Les temps sont difficiles pour les bons vieux Canayens. Ceux qui sont devenus les Canadiens-Français après la Conquête et la britanisation systématique de son territoire. Les Pea-soups. Les Frogs. Les Damned Canucks. Ceux qui ont tenté de se libérer en devenant des Québécois et qu’on appelle parfois, avec mépris et dédain, les Québécois de souche. Le fameux Nous. Ce Nous honni qui voit aujourd’hui son identité remise en question. Ce Nous nié.
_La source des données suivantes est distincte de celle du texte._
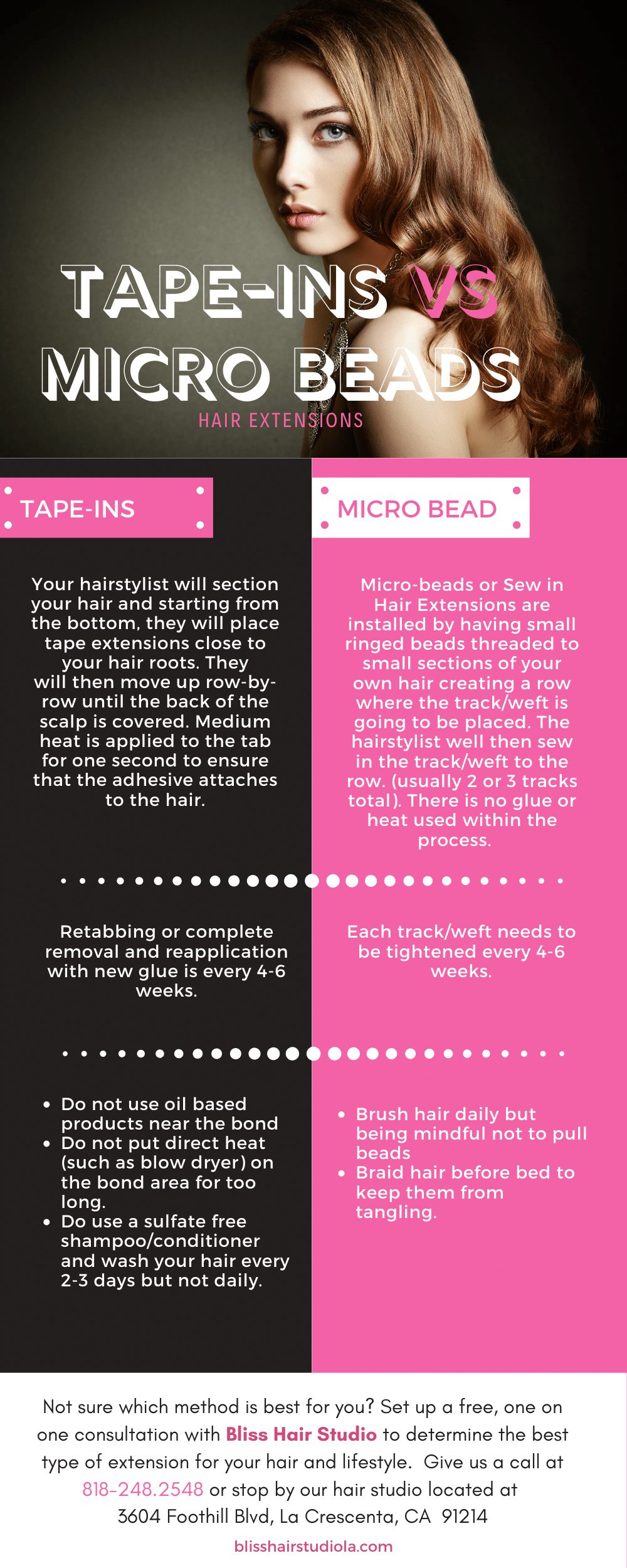 Tape-ins vs Micro beads Infographic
Ce peuple conquis, colonisé, paupérisé par l’occupant. Ce peuple qui a subi de nombreuses tentatives d’assimilation et qui, chaque fois, a su résister. Ce peuple qui, malgré tout, a dû s’accommoder des reculs causés par d’âpres combats en minimisant toujours la gravité des pertes. Ce peuple qui vivote entre impérialisme étasunien, néo-colonialisme canadien, vieux métropolitanisme français et provincialisme domestique. Ce peuple qui doit rester constamment vigilant sans quoi il voit sa langue lui être arrachée. Ce peuple qui, attaqué si souvent et blâmé des pires maux, a la mémoire en charpie et l’honneur en haillons. Ce peuple dont les héros et les faits d’armes disparaissent les uns après les autres dans le bourbier de l’amnésie éternelle. Ce peuple qui, au rabot de la honte, a varlopé ses accents. Ce peuple qui crache sur son propre folklore et qui considère ses traditions comme de vieilles reliques ringardes d’un passé qu’il vaudrait mieux mettre au rancart. Ce peuple schizophrène qui, trop souvent, regarde la vie avec les yeux du conquérant. Ce peuple qu’on a cherché à noyer et qui, quand même, est resté accueillant au possible. Ce peuple qui a vu sa quête d’universel être travestie en repli sur soi et en xénophobie. Ce peuple minorisé, affaibli, volé, humilié, mis en tutelle, vassalisé. Ce peuple qui, après s’être sorti de la mentalité du porteur d’eau, a su travailler à sa libération mais qui, trompé dans ses espérances et trahi par ses élites, a accepté la logique de défaite et s’est conforté dans l’indifférence et le reniement de soi, renouant ainsi avec la vieille pensée du « né pour un petit pain ». Ce peuple qui pourtant, avait vu de si près les rivages de la liberté. Ce peuple inachevé, acculturé, rapetissé. Ce peuple en trop dans sa propre maison. Ce peuple en marge de l’Histoire.
Malgré qu’il semble avoir définitivement troqué la foi pour le doute, ce peuple qui toujours, a trouvé le moyen de ressortir vivant des hivers de toutes sortes, ce peuple porte encore en lui la possibilité d’un sursaut et peut-être, seulement peut-être, n’a-t-il pas encore dit son dernier mot. Et s’il arrive à le prononcer, vaudrait mieux le crier à tue-tête, que l’écho s’en empare et le répercute aux quatre vents. Pour que plus jamais, nous ne soyons tentés de dire, à la manière du confus en chef, que nous serions « peut-être quelque chose comme »…
Ça fait longtemps que j’ai pas lu un aussi beau texte sur notre condition nationale. Très belle plume. Elle ira loin et fera des ravages. Que l’auteur ne doute pas de l’issue de notre combat, elle est écrite dans notre géographie, dans notre histoire et maintenant sous sa plume.